Study material below:

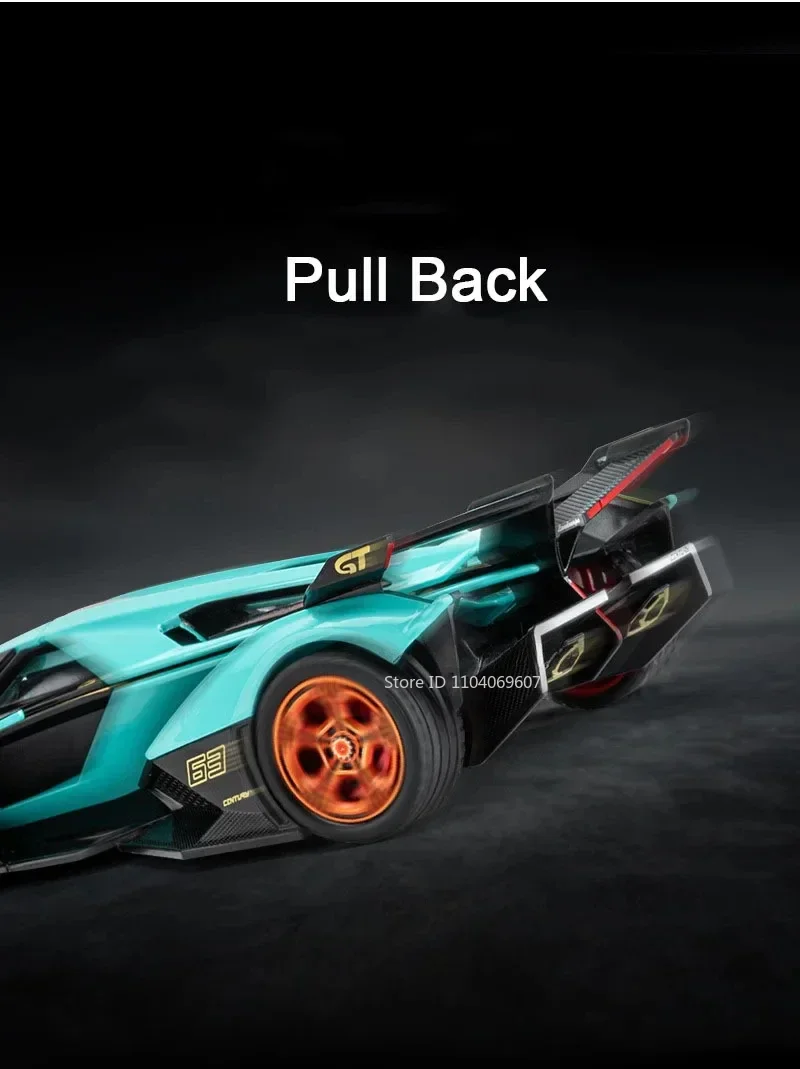 1:32 Lambor V12 GT Super Auto Modell Spielzeug Metall Druckguss Zurückziehen Musik Licht Miniatur Racing Fahrzeug Modelle Dekoration Jungen Geschenke – Detail 3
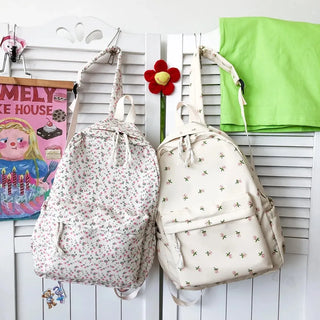 Floral Printed Backpack – Large Capacity Preppy School & Travel Bag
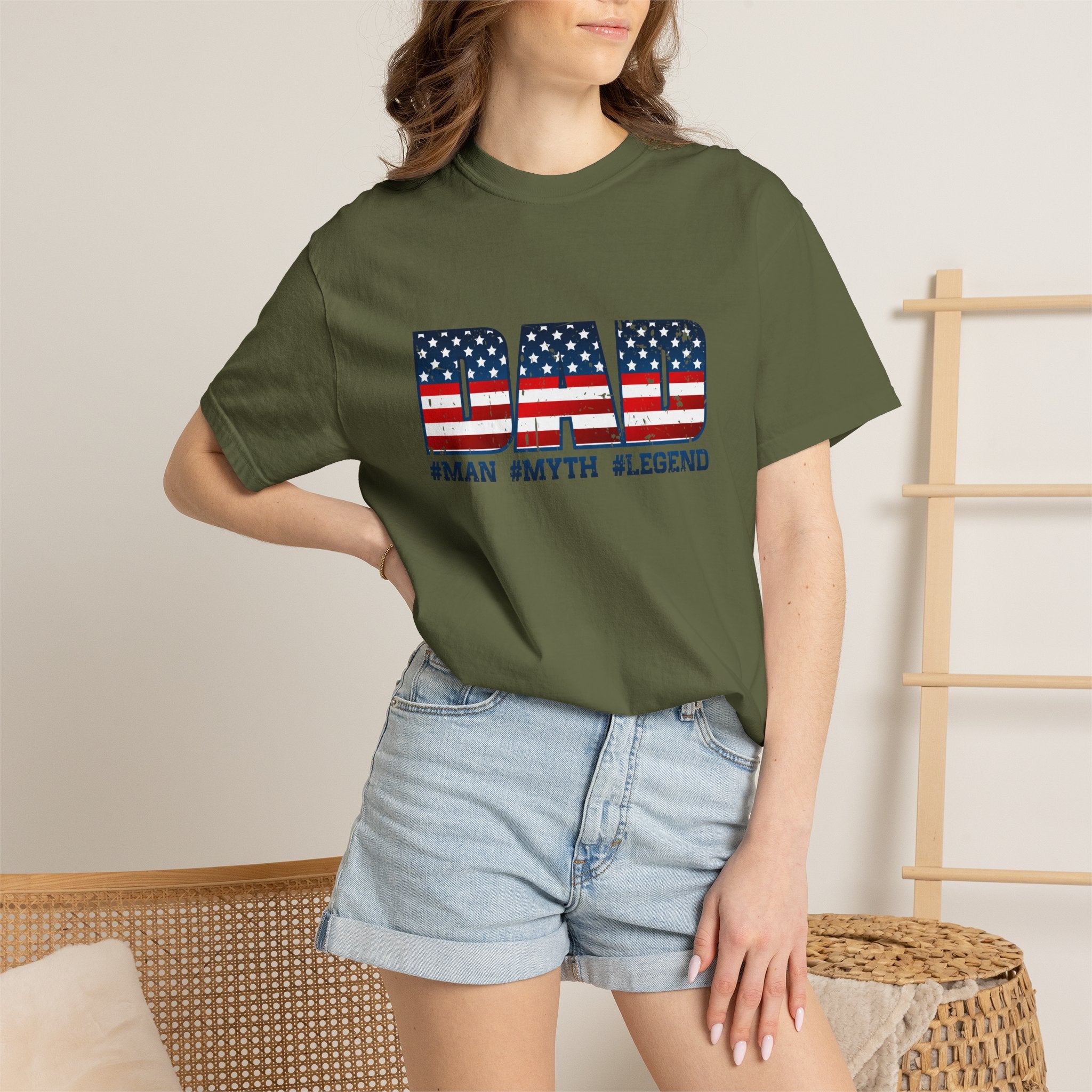 Dad Patriotic T-Shirt - "DAD" American Flag Design (#Man #Myth #Legend)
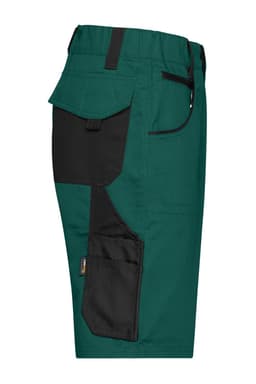 Workwear Bermudas in green with black accents, featuring multiple pockets and a zipper. Includes branding.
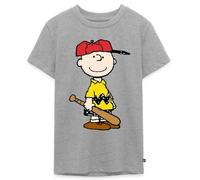 Spreadshirt Peanuts Charlie Brown Baseball T Shirt Ado Premium, 146/152 (10 Ans), Gris chiné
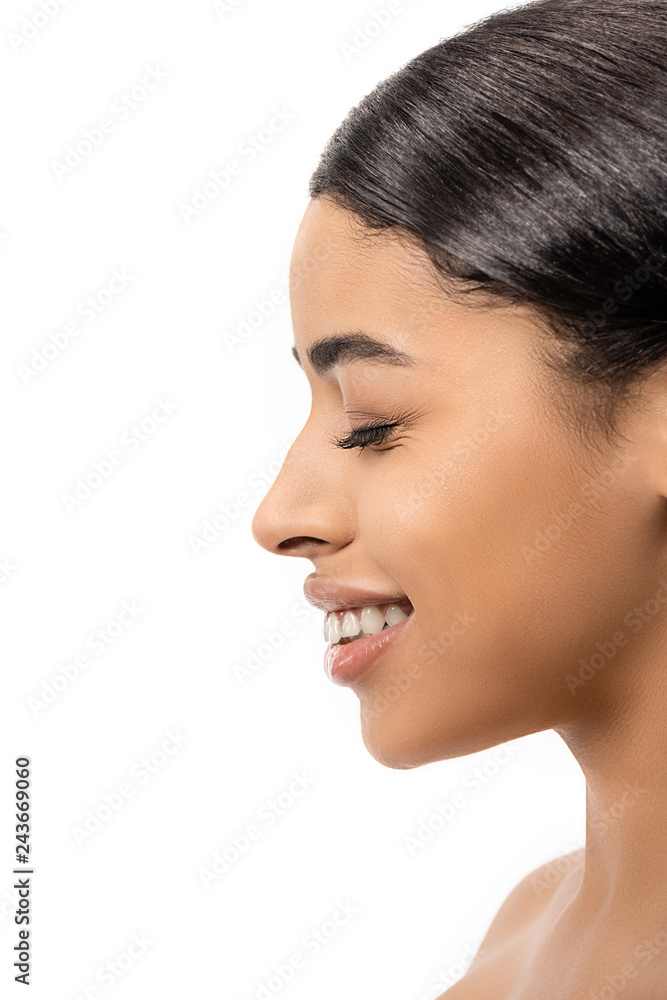 side view of beautiful smiling young african american woman with closed eye isolated on white side view of beautiful smiling young african american woman with closed eye isolated on white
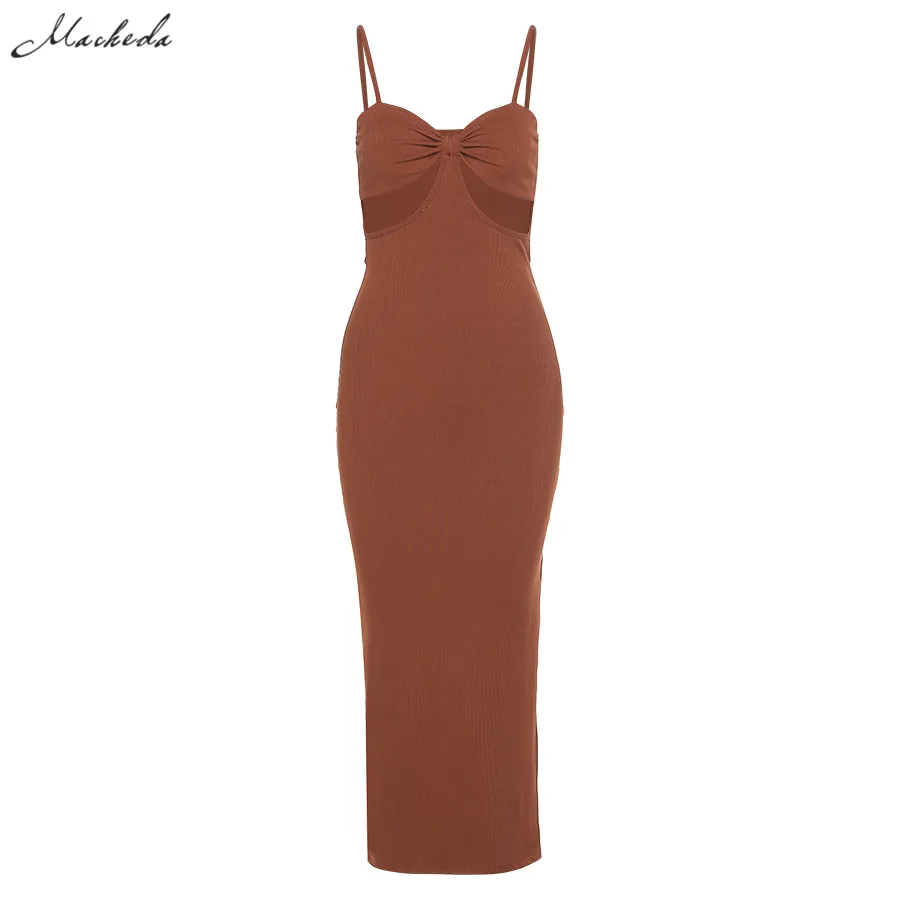 

Summer Sexy Solid Hollow Out Dress Women Sling Sleeveless Slim Clothing Lady Fashion High Split Long Dresses 2021 New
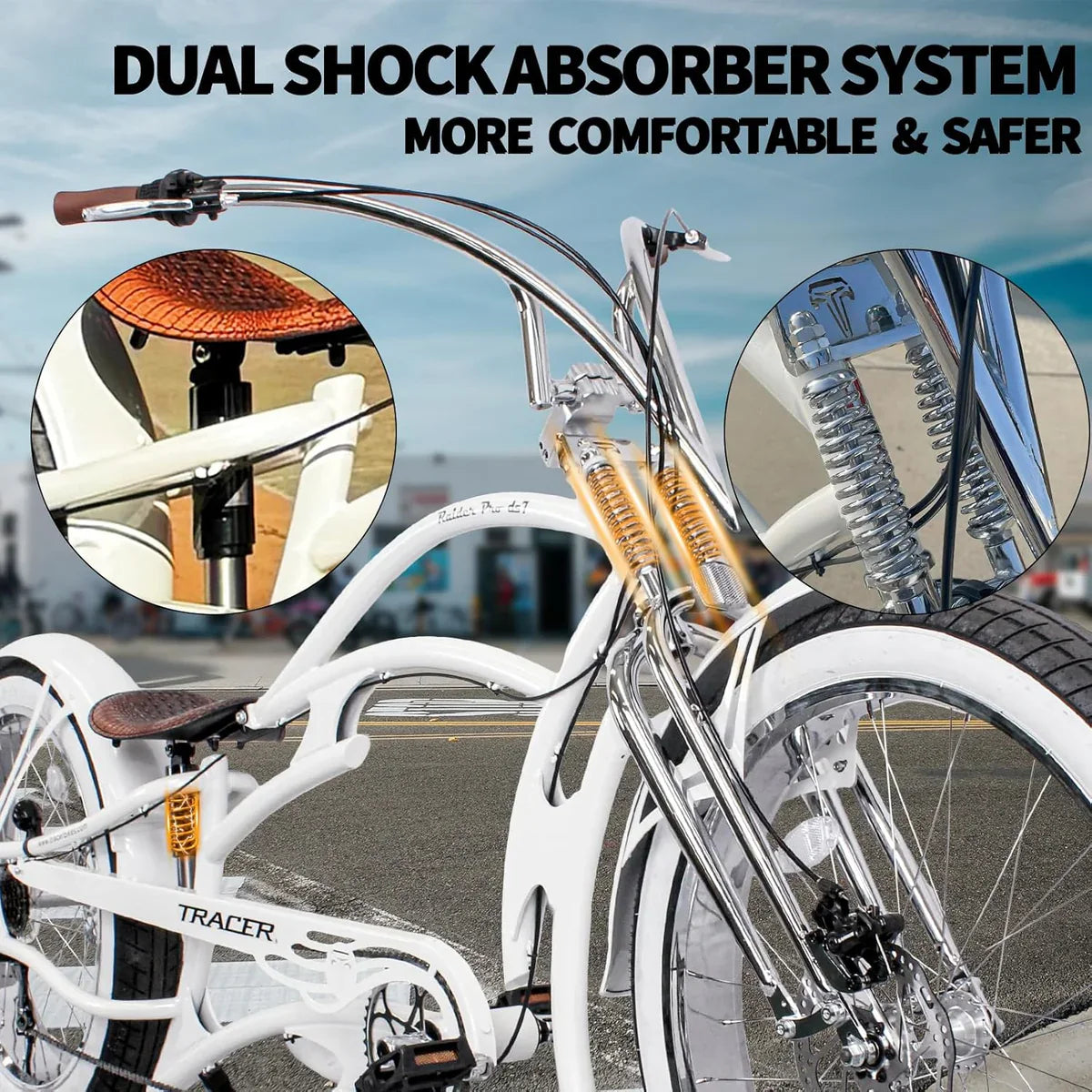 Tracer Raider Pro DS7 Stretch Chopper Cruiser Bike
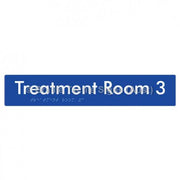 Braille Sign Treatment Room 3 - Braille Tactile Signs Aust. - BTS254-03-blu - Custom Signs - Fast Shipping - High Quality - Australian Made &amp; Owned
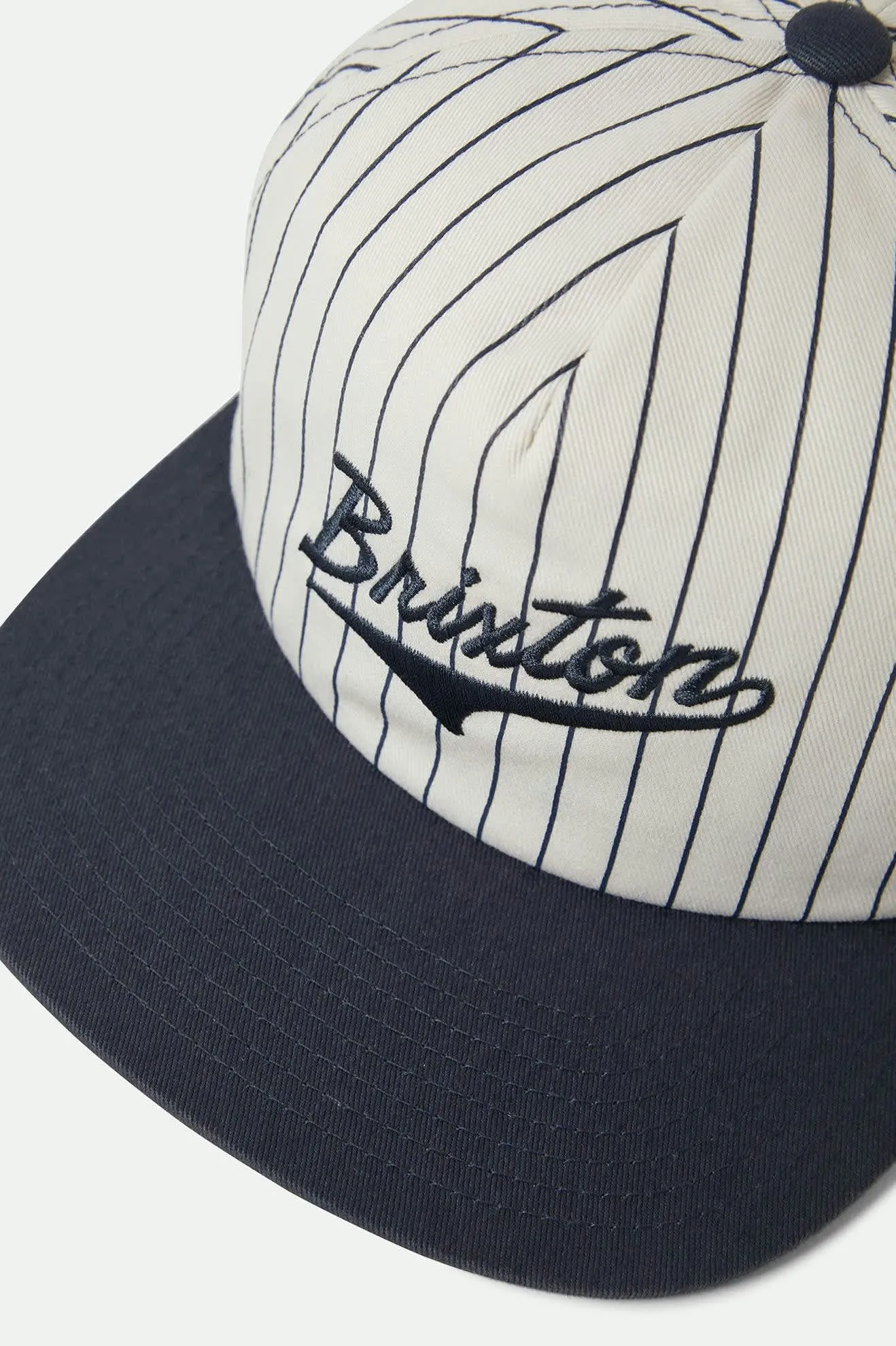 The League Snapback - Washed Navy/Off White Brixton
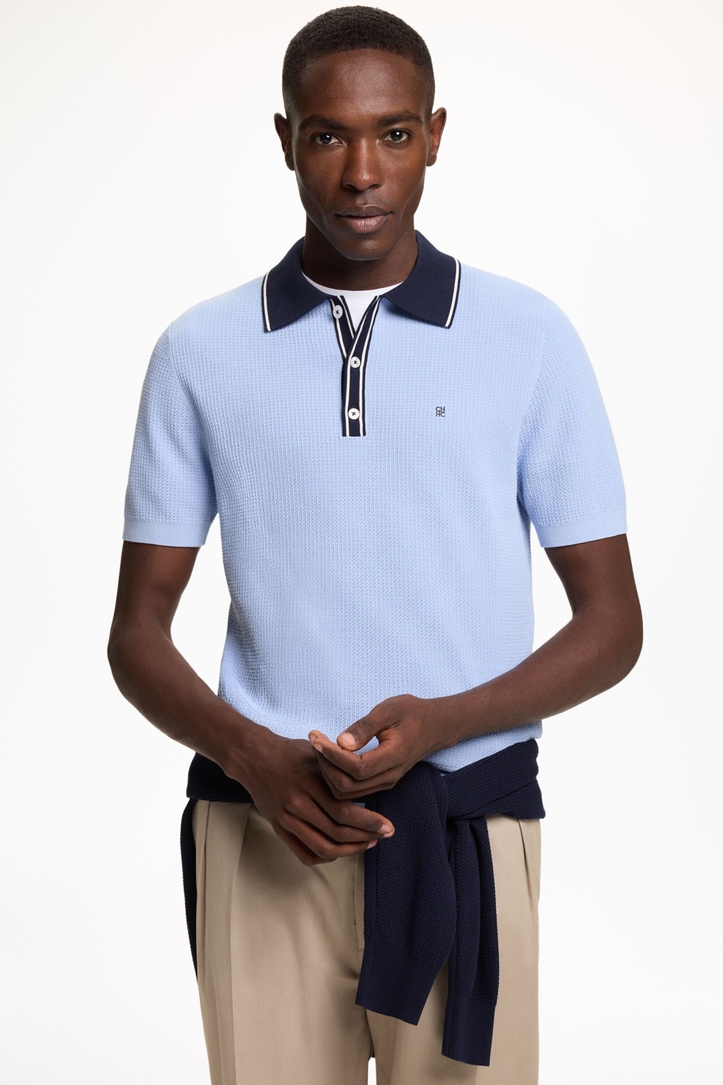 Pointelle Knit Polo Shirt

End of Study material.

Text only, no pictures: please print exactly the lines above from the line with "on white side" up to and including the line with "Tracer Raider Pro", and nothing else.

Task response ->
 side view of beautiful smiling young african american woman with closed eye isolated on white side view of beautiful smiling young african american woman with closed eye isolated on white

Summer Sexy Solid Hollow Out Dress Women Sling Sleeveless Slim Clothing Lady Fashion High Split Long Dresses 2021 New
 Tracer Raider Pro DS7 Stretch Chopper Cruiser Bike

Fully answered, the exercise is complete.